Mainstream opinion of an ironic definition
By Cazzy Lewchuk, Staff Writer
The definition of a hipster according to the Merriam-Webster dictionary is “a person who follows the latest styles, fashions, etc.” A typical person’s mental picture of a hipster will probably be something quite different, since hipster stereotypes suggest that they despise contemporary fashion and other mainstream things. Still, an exact definition is hard to come by. Everyone would probably say something different, so the question remains: what is a hipster?
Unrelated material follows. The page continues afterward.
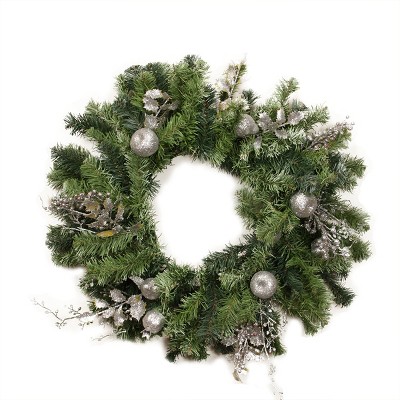 Northlight 24" Unlit Silver Fruit, Holly Berry and Leaf Artificial Christmas Wreath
The history of the word is just as different as its current meaning. It dates back to the 1940s and was used to describe white youths who wanted to be like the black jazz musicians they were fans of. The slang “hip” meant “in the know,” and was later used for the hippies of the 1960s. Although hipsters may share some traits with the flower children, they’re clearly a different type of people. In the 1990s, the modern hipster as we know it today began to evolve. Elaine on Seinfeld called quirky yuppie Kramer a “hipster doofus” more than once. Finally, in the 2000s, popular media began to recognize a hipster in the sense most would think of it.
General hipster qualities agreed upon include a love for indie music, anything retro, irony, big glasses, fedoras, Apple products, and skinny jeans, as well as disdain for anything mainstream. However, one must be careful when labelling someone a hipster based solely on these traits. If wearing skinny jeans and carrying an iPhone alone make you a hipster, over half the students at any school would be considered hipsters
Another distinction comes from the hipster community itself. A common stereotype is that hipsters resent being called hipsters—probably to preserve their belief that their interests aren’t influenced by a social image. Of course, those who aren’t hipsters would probably resent being called one too. Then there’s the question of whether self-identifying as a hipster would make one more or less of a hipster. Is it an always true fact that one would never admit to being a true hipster? Or have some chosen to embrace the identity?
The general textbook and ageless definition for a hipster is someone who embraces very new cultural fads, becoming a trendsetter. However, this is quite unsatisfactory for those who wish to know more about hipster culture. Would a true hipster never wear the same clothes people in mainstream culture wear, even if the hipsters wore it before they did? It seems the definition debate will rage on.